■ **WORK REQUIRED**: Transcribe the listing below in full, exactly, with no images.

■ **SUPPLIED MATERIAL**:
--- --- ---

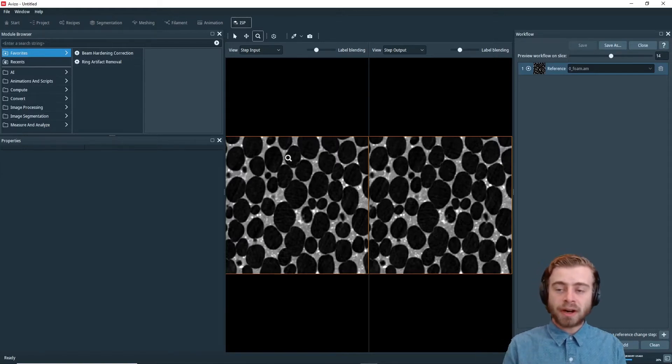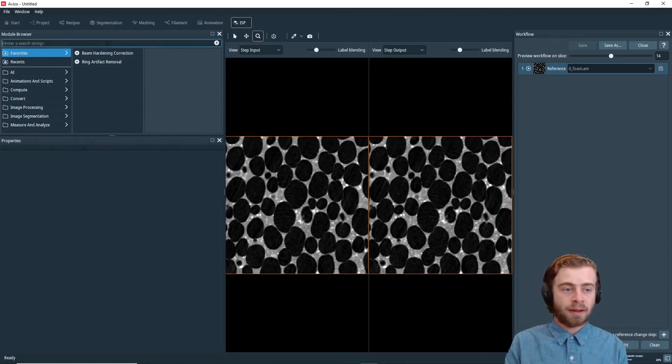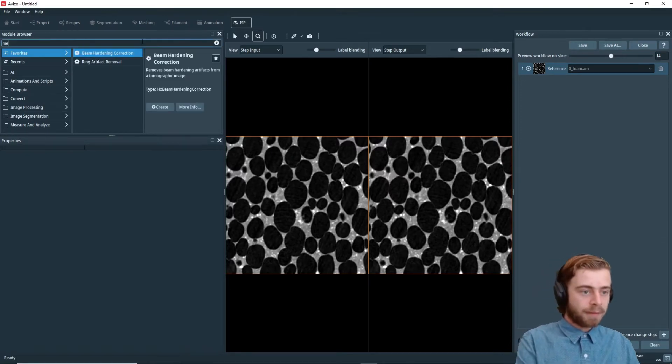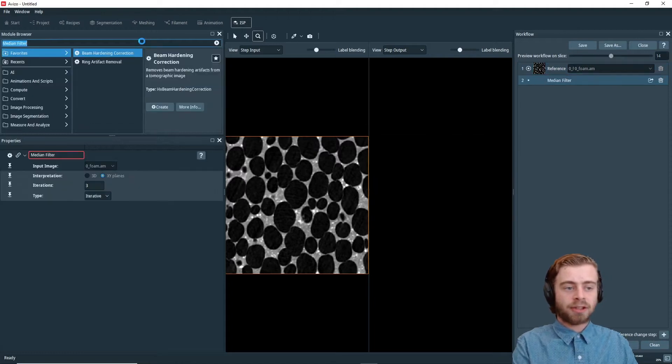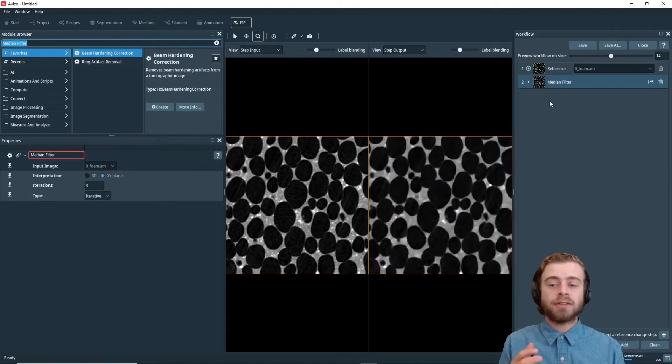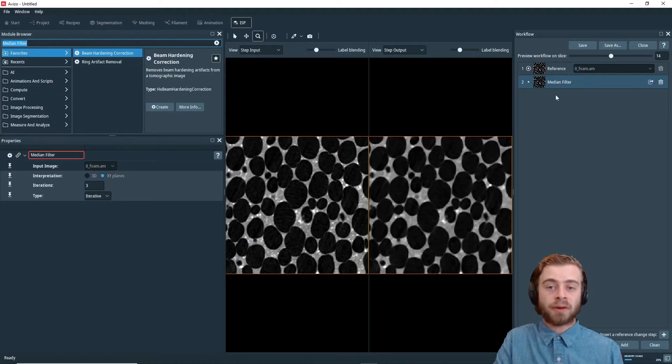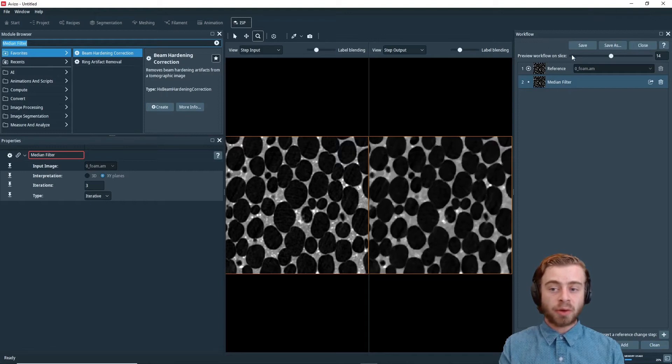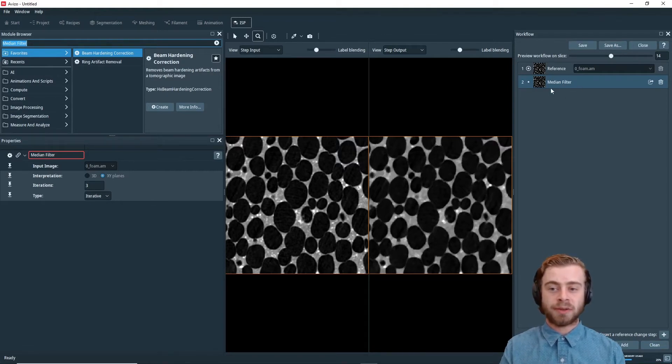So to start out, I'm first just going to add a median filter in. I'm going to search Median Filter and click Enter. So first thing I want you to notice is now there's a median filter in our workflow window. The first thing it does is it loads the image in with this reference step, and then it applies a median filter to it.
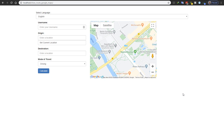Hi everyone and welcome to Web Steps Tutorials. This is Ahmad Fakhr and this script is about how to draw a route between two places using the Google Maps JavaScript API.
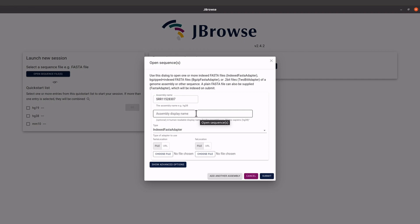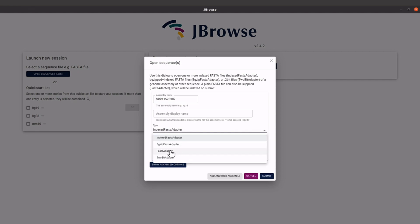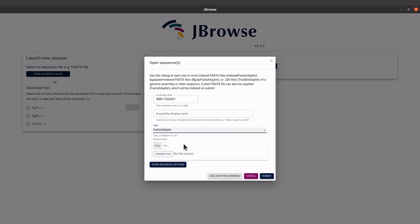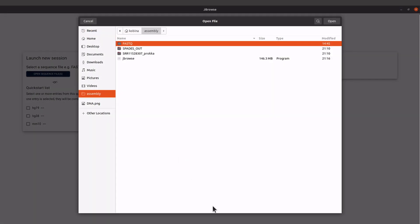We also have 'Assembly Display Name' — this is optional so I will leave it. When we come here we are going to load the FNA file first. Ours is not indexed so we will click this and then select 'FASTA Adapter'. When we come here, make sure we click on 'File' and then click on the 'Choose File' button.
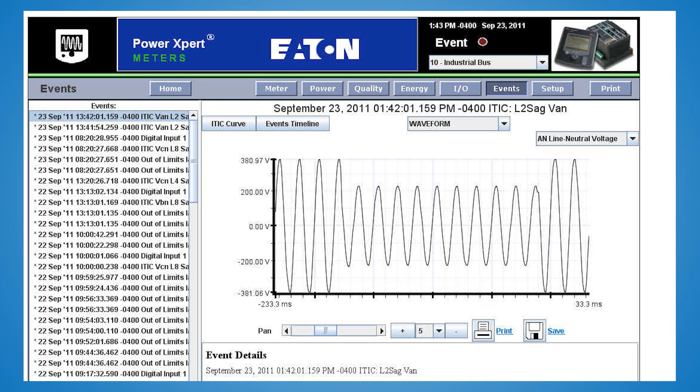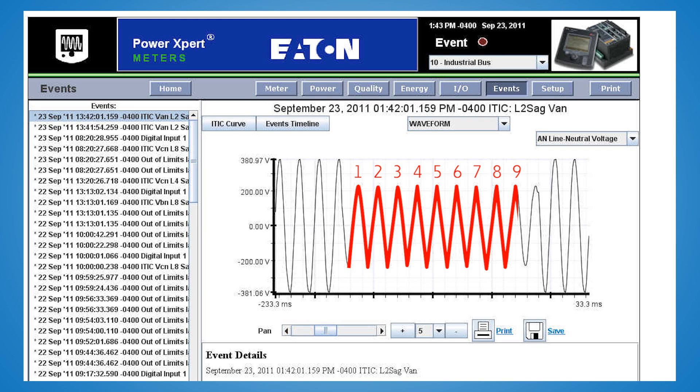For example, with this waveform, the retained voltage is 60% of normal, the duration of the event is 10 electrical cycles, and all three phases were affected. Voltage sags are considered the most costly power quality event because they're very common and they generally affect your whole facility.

--- --- ---

■ **PROBLEM SOLUTION**:
So to start out, I'm first just going to add a median filter in. I'm going to search Median Filter and click Enter. So first thing I want you to notice is now there's a median filter in our workflow window. The first thing it does is it loads the image in with this reference step, and then it applies a median filter to it.
Hi everyone and welcome to Web Steps Tutorials. This is Ahmad Fakhr and this script is about how to draw a route between two places using the Google Maps JavaScript API.
We also have 'Assembly Display Name' — this is optional so I will leave it. When we come here we are going to load the FNA file first. Ours is not indexed so we will click this and then select 'FASTA Adapter'. When we come here, make sure we click on 'File' and then click on the 'Choose File' button.
For example, with this waveform, the retained voltage is 60% of normal, the duration of the event is 10 electrical cycles, and all three phases were affected. Voltage sags are considered the most costly power quality event because they're very common and they generally affect your whole facility.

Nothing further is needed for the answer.